ECC patents?

Bodo Moeller bmoe at cdc.informatik.tu-darmstadt.de
Tue Sep 20 14:17:03 EDT 2005


On Wed, Sep 14, 2005 at 12:18:14PM +0300, Alexander Klimov wrote:

> http://www1.ietf.org/proceedings_new/04nov/slides/saag-2/sld9.htm:
> 
>   What is Really Covered
>   o  The use of elliptic curves defined over GF(p) where p is a prime
>      number greater than 2^255 when the product satisfies the Field of
>      Use conditions
>   o  Both compressed and uncompressed point implementations
>   o  Use of elliptic curve MQV and ECDSA under the above conditions
> 
> This hints that indeed only some particular curves are patented.
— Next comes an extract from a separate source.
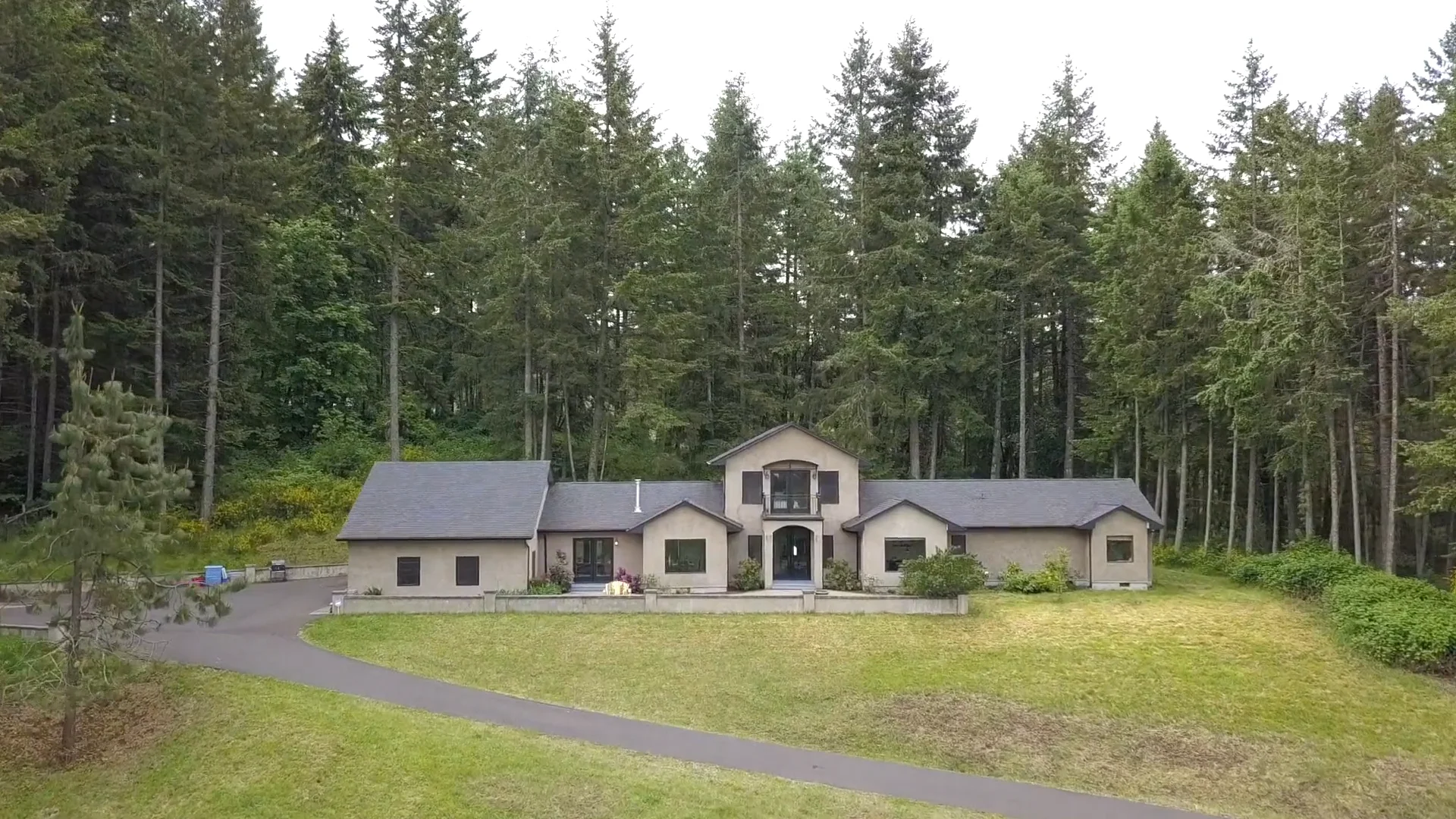 1560 Crest Drive Eugene, Oregon on Vimeo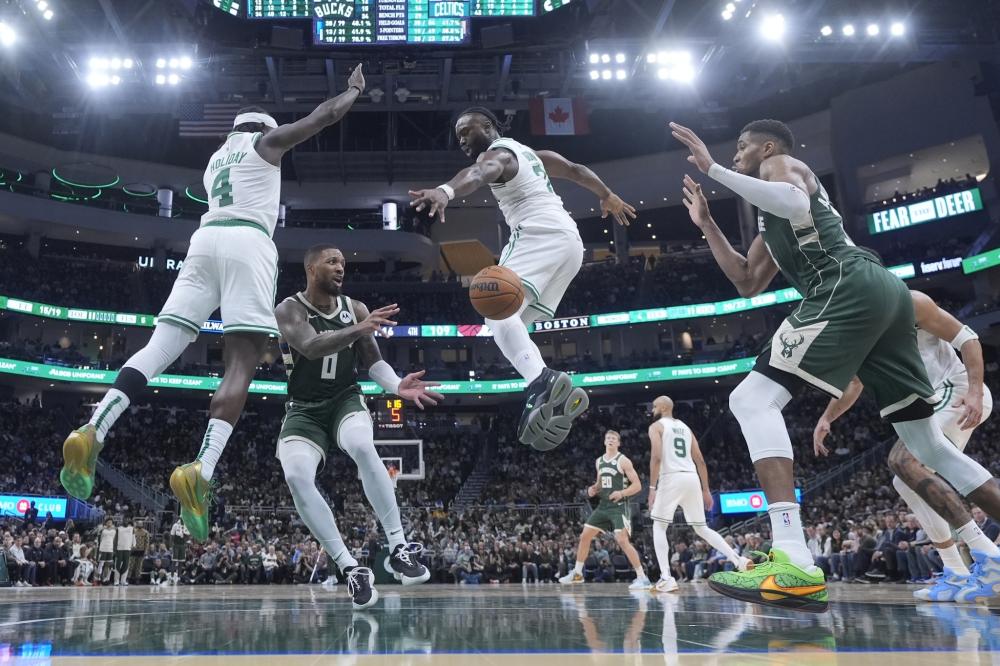 更加胶着 更加胶着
Not quite.  I understand the agreement is about using MQV and other
patented stuff, but limited to certain curves.  This alone does not
necessary imply that the *patent* situation is different for prime
fields and binary fields, or for different field sizes -- it just
means that the *license* to the relevant patents has been restricted
accordingly.  Scott Vanstone reports that Certicom would have charged
more for including binary curves as well and this is why they were
left out (for now).

The OpenSSL team, cowards that they are, omitted MQV and other stuff
that would infringe on patents.  MQV is a useful protocol, but clearly
covered by patents.  OpenSSL does support both prime curves and (more
recently thanks to the Sun contribution) binary curves, but without
point compression for binary curves since this would be another patent
issue.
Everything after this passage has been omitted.